June 24, 2024

Activists, progressives connect the dots between Black lives and Palestinians

As the calamitous violence in the Gaza Strip comes to a shaky ceasefire, Black Lives Matter activists in elected seats and on the streets are continuing to articulate the ways that the Palestinian struggle for freedom in the Middle East relates to the Black one in America and around the globe. 

Congress members like Rep. Cori Bush (D-MO), Ilhan Omar (D-Min), Jamaal Bowman (D-NY), and Rashida Tlaib (D-MI) have not only expressed their solidarity online but are demanding that the Biden Administration take action that will have a lasting impact beyond a ceasefire and not be mistaken for peace. 

Read More: Biden must speak out against apartheid in Israel

“A ceasefire ends the bombardment — not the violence. The Israeli military’s occupation continues. The blockade continues. The ethnic cleansing continues. Our government must stop funding the apartheid status quo,” Bush tweeted on Saturday, cementing her stance against Israeli military occupation.  

Black people in America and around the globe have intimate knowledge and memory of state-sanctioned displacement, policing, occupation, and terrorism. Bush’s voice is part of a chorus of other lawmakers, organizers, and activists who have drawn parallels between the two communities in statements submitted to Congress and on social media. 

“As we march in defense of Black lives, we are not just saying that Black people in this country should be able to live full and joyous lives,” Bush (D-MO) wrote in a statement to The Washington Post. “We’re saying that our own government is funding a brutal and militarized disposition towards our very existence — from Ferguson to Palestine.”

Before the Israeli government and the militant group Hamas made the announcement on Thursday, Rep. Jamaal Bowman (D-NY) prepared to introduce a House resolution calling for a ceasefire, stating that “every Palestinian life matters” and “every Israeli life matters” but also speaking to the systemic conditions the Palestinian people have endured.

“As a Black man in America, I understand on a personal level what it means to live in a society designed to perpetuate violence against people who look like me,” said Rep. Jamaal Bowman (D-NY) in a statement to Congress. “My experience of systemic injustice, including being beaten by police at 11 years old, informs my view of what’s happening right now in Israel and Palestine.”

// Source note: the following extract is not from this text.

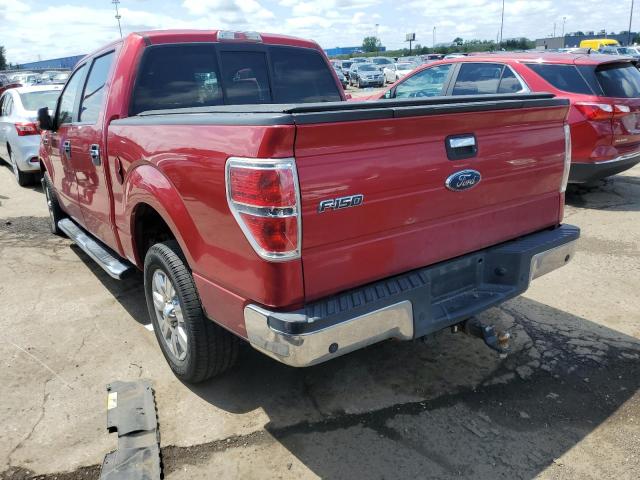 Photo 2 from auction – 2010 FORD F150 SUPER with VIN 1FTEW1C86AFD76857
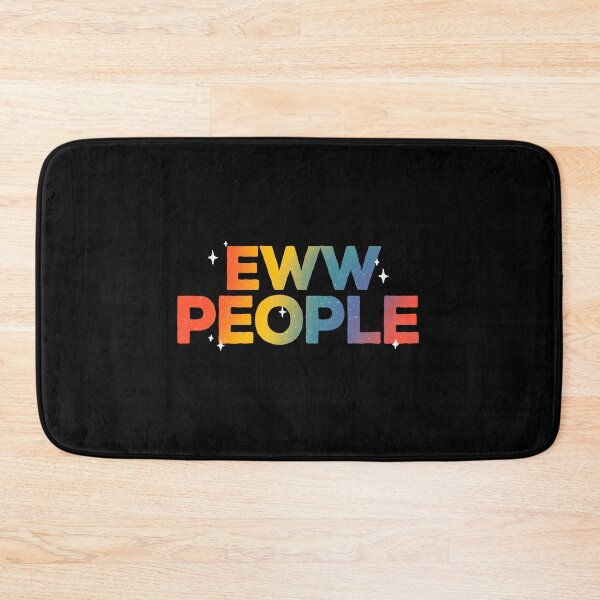 Item preview, Eww People - Funy Meme Quote - antisocial club - rainbow  designed and sold by BlancaVidal.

Read More: U.S. Rep. Bowman disputes fellow Dem Torres over Israel-Palestine conflict

Melina Abdullah, who is the department chair of Pan African Studies at California State University, Los Angeles and co-founder of the city’s BLM chapter also told the Washington Post that the organization has been in solidarity with the Palestinian people almost since its inception. 

“We understand that the liberation of Black people in the United States is tied to the liberation of Black people all over the world, and tied to the liberation of oppressed people all over the world,” said Abdullah.